Okay, not everything, but I’ve certainly picked up some useful life skills during my law degree. An understanding of the constitution never goes astray, and the ability to analyse issues (and win arguments) is also pretty handy. Here are some other things I’ve learnt at law school…
Big language isn’t so big
Everyone loves to sound smart, but this often leads to focusing on impressing others, rather than communicating ideas. An over-reliance on big, showy language is often a good indication that a person has no clue what they’re talking about.
Trying to impress people with fancy language didn’t get me anywhere in my early years as a law student. After some poor marks in assignments, I realised that life is so much nicer when you keep it simple. Choosing the right words makes a huge difference and being economical with your vocabulary is the way to go. You won’t make a fool of yourself and everyone will understand what you’re saying… plus people won’t think you’re an arrogant law student.
You may have a gazillion friends on Facebook, but at law school, I have learnt that it’s the quality of friends and the connections you make with them that count. Knowing the people that keep you on track and help you study is important.

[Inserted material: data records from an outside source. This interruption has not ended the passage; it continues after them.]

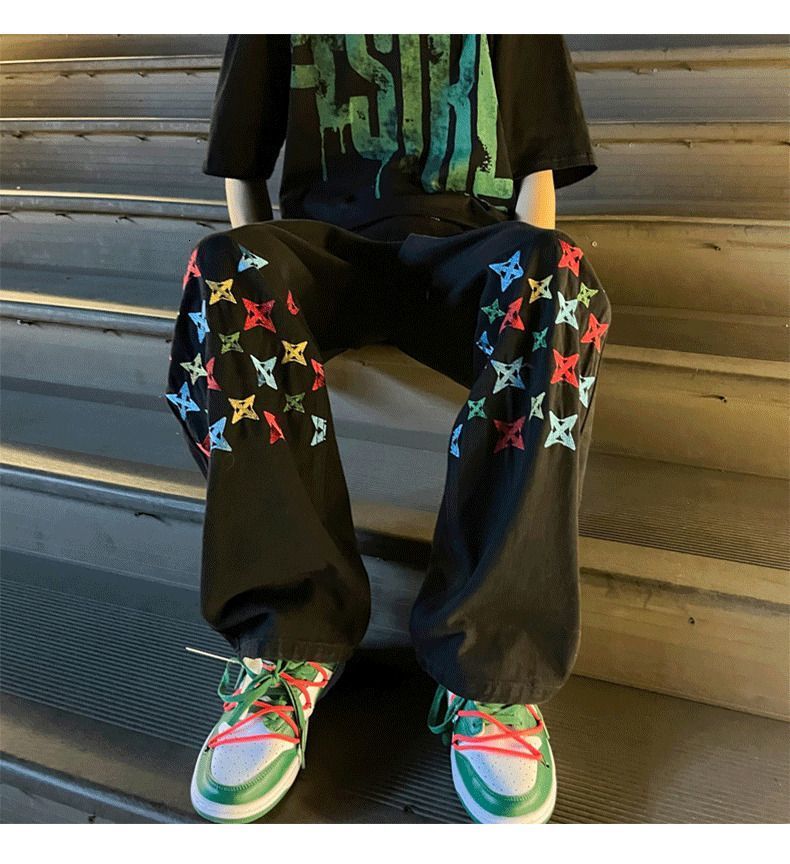 Men's Jeans Spring and Autumn Embroidered Thin Straight Casual Trousers Loose Drape Mopping Pants Sports Trendy 230517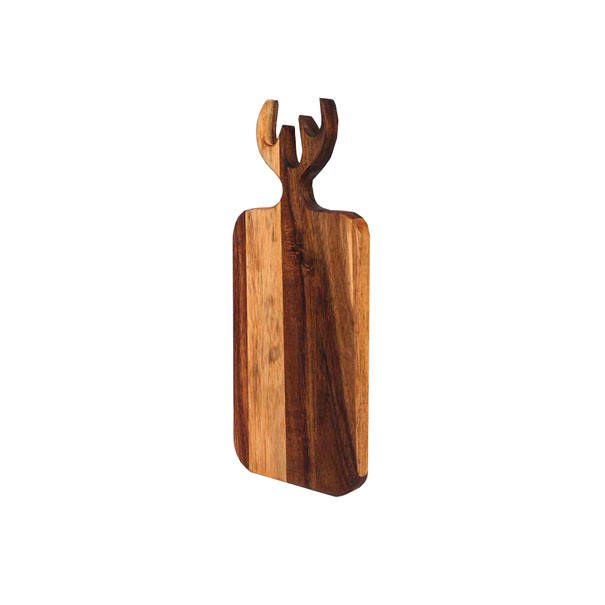 acacia wood serving board with decorative deer antler handle for cheese, charcuterie, sushi, steak and appetizer serving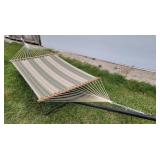 Green & Brown Stripe Hammock w / Metal Frame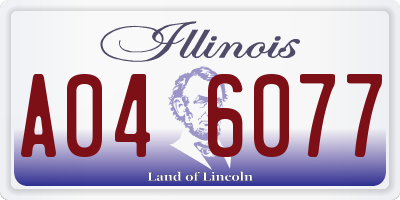 IL license plate A046077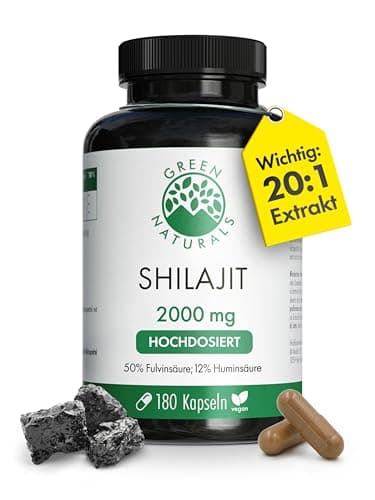 Shilajit 40.000 mg pro Tagesdosis (20:1 Extrakt) – Original Himalaya Kapseln mit 50% Fulvinsäure und 12% Huminsäure – 180 Kapseln (3 Monate) - Premiumqualität aus Deutschland – Green Naturals®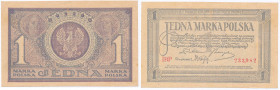 COLLECTION of Polish Banknotes
POLSKA / POLAND / POLEN / PAPER MONEY / BANKNOTE

1 marka polska 1919 seria IBP 

Ugięcie w pionie,. Ładnie zachow...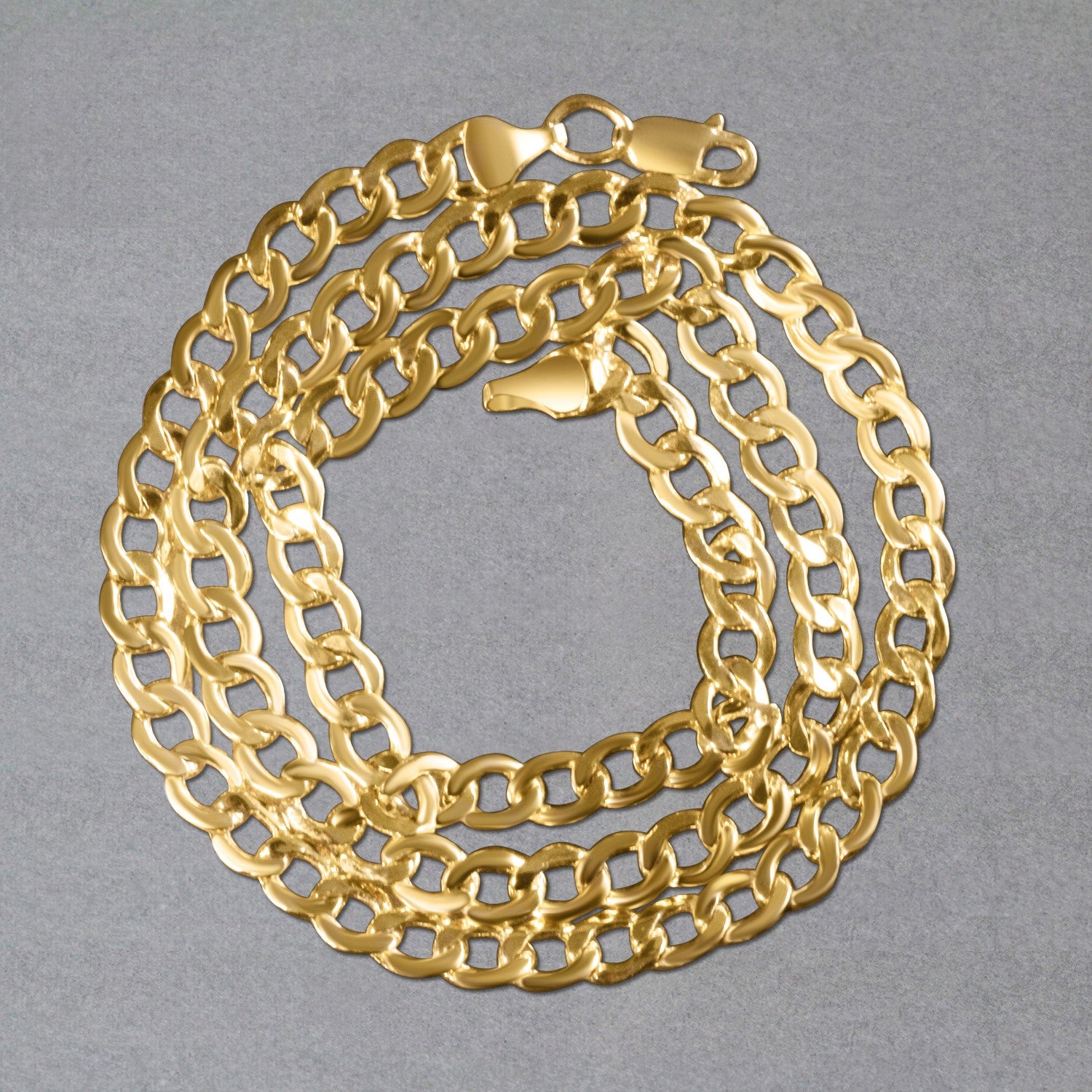 10k Yellow Gold Curb Chain (5.30 mm)-Teresa&#39;s Fashionista LLC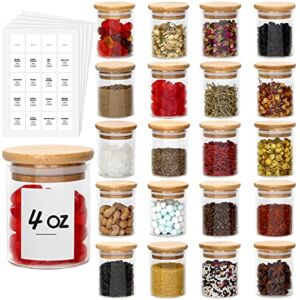 JuneHeart 4OZ Glass Spice Jars Set with Bamboo Lids and 114 Labels, 20 Pcs Clear Food Storage Containers for Pantry Kitchen Sugar Salt Coffee Tea Beans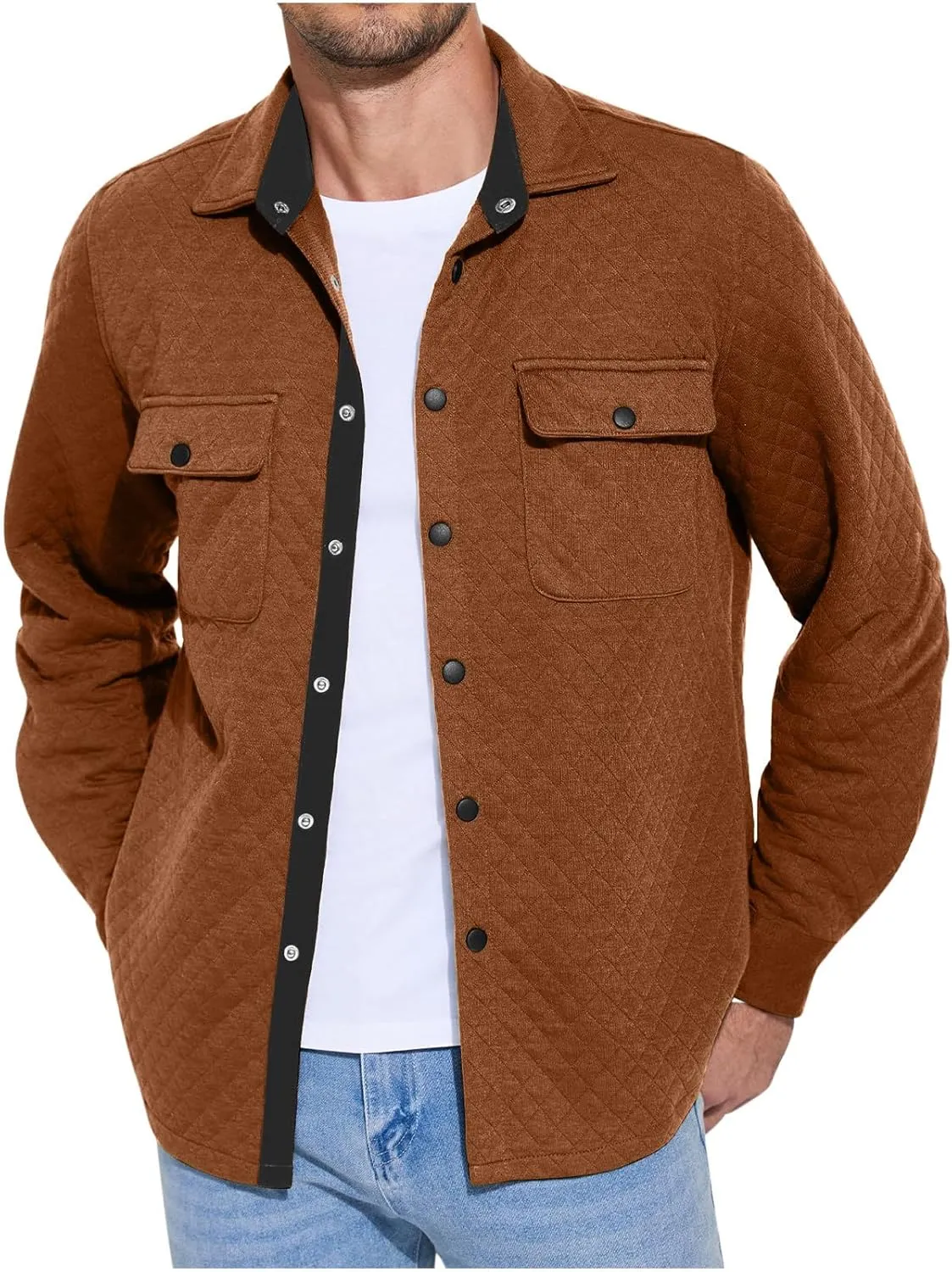 Finelylove Mens Shirt Jacket Lightweight Quilted Snap Shacket Jacket Casual Fashion Bomber Jacket Fall Outwear Coat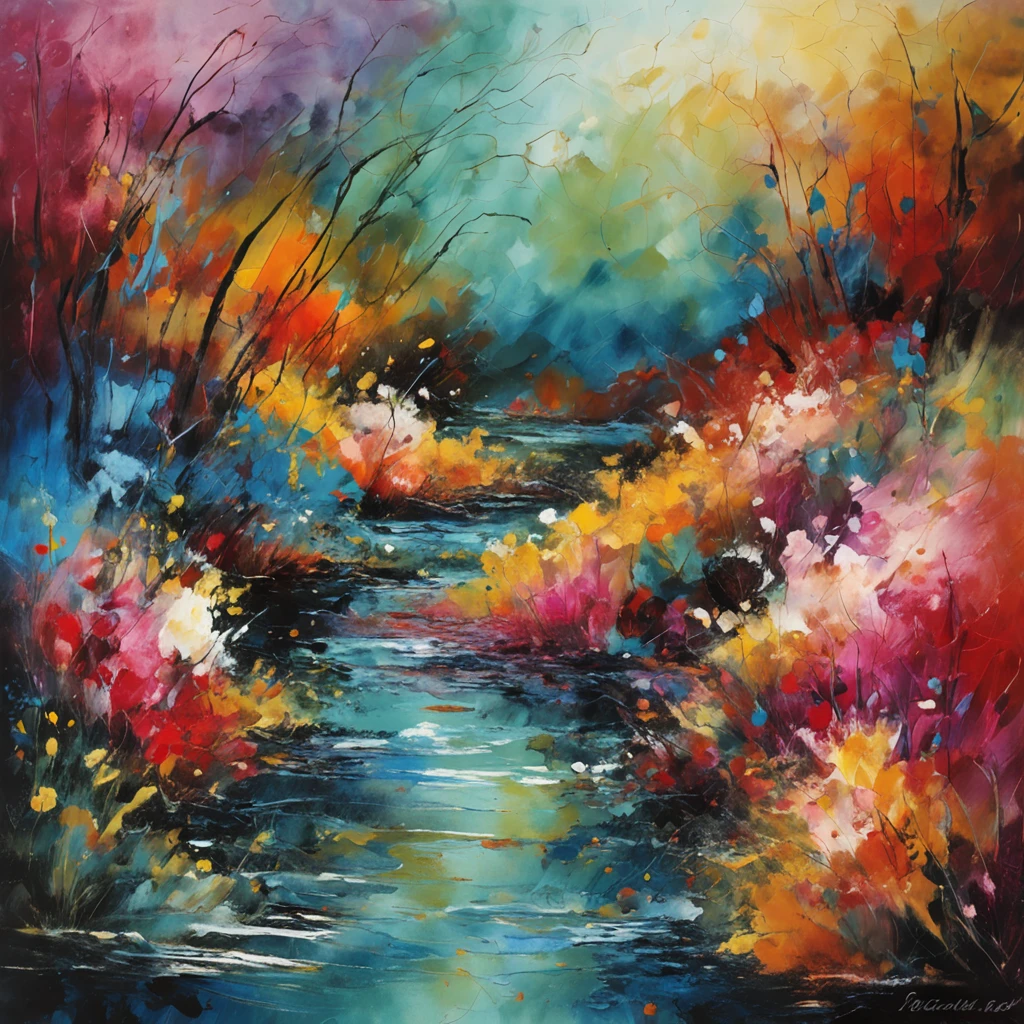 Abstract style landscape, flowers, bushes, water, mute colors watercolor, masterpiece, professional majestic oil painting, intricate, high resolution, Sharp focus, dramatic, photorealistic, abstract painting art (Van Gough Style)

It is no different to life. It’s who you know that gets you the client, the promotion or even the job. A few quality connections in law school keep me on track and I’m applying the same approach to life, opting for quality connections, rather than quantity. It’s unlikely that random people on Facebook are going to contribute to my success in any significant way.
Long hours don’t necessarily pay off
When I started my law degree, I was hell bent on reading every textbook and case, and forsaking anything that wasn’t work or uni related. I had no social life. I soon realised that pouring all those hours into study didn’t necessarily make me a more successful student. All of my best marks for assignments were achieved in only a matter of days before the due date.
The lesson: don’t forsake a life when studying or working. Finding some balance and managing your time is totally possible and absolutely crucial.
Never be afraid to ask, ‘why?’
Every lecturer at uni wants you to ask questions and analyse everything. Find a reason, a cause and a consequence; it’s how we will have to think as lawyers.
This also applies to real life. Asking ‘why’ every now and then helps put things in context, ensuring you know the reasons for your decisions and understand what’s behind good and disappointing outcomes.